Notice that there are a few columns to demonstrate various datatypes as well as one column with mixed types that might look like an integer column at first glance but has a missing value.
This tutorial does not demonstrate all of the functionality of Kunteksto, but it does demonstrate the process of creating a model based on data and then enhancing that data with improved semantics.
Kunteksto is a command line tool that uses a combination of command line options as well as a configuration file. The configuration file options are covered in Config File Details. The default configuration is okay for the tutorials.
Tutorial Steps¶
- Navigate to the directory where you installed Kunteksto.
- With the virtual environment active.
Caution
If you closed and reopened a new window, then you need to activate the environment again.
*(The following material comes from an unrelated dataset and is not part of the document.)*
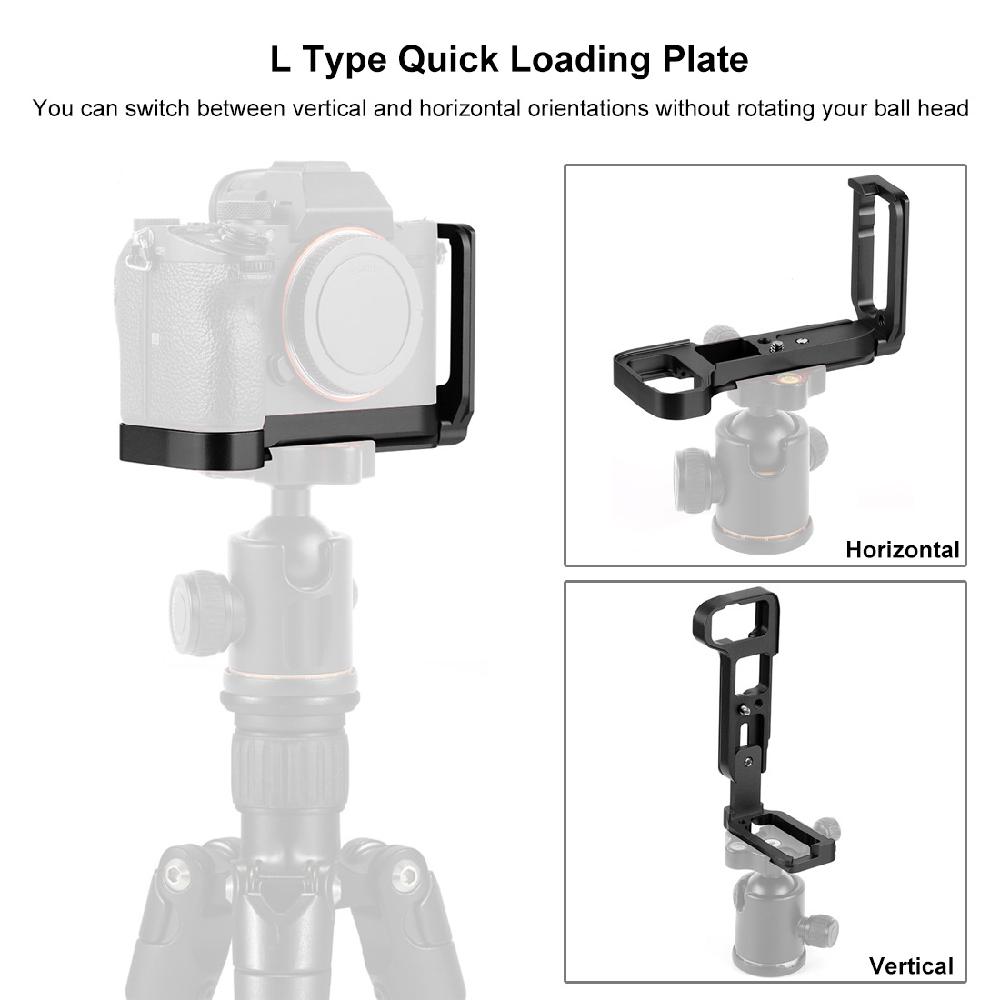 Dslr-kameror stabilisatorer fäste cnc aluminiumlegering l-formad vertikal platta för sony  a7 m 3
Also, be certain that you are in the kunteksto directory.
Windows
activate <path/to/directory>
or Linux/MacOSX
source activate <path/to/directory>
Note
Kunteksto can be executed in prompt mode, or several options can be provided on the command line. You can see all of the Kunteksto command line options using the –help flag.
kunteksto --help
For this tutorial, you start Kunteksto in prompt mode. These mandatory items will be requested:
kunteksto
- At the Enter a valid mode: prompt, type all
- At the Enter a valid CSV file: prompt, type example_data/Demo.csv
- Kunteksto analyzes the input file and creates a results database of this CSV file named output/Demo/Demo.db
- The Model Metadata window opens.
- This image depicts the view of the Model Metadata and below that are descriptions of each of the fields to be edited. Kunteksto prefills the fields with fake data so that you are not staring at blank input boxes.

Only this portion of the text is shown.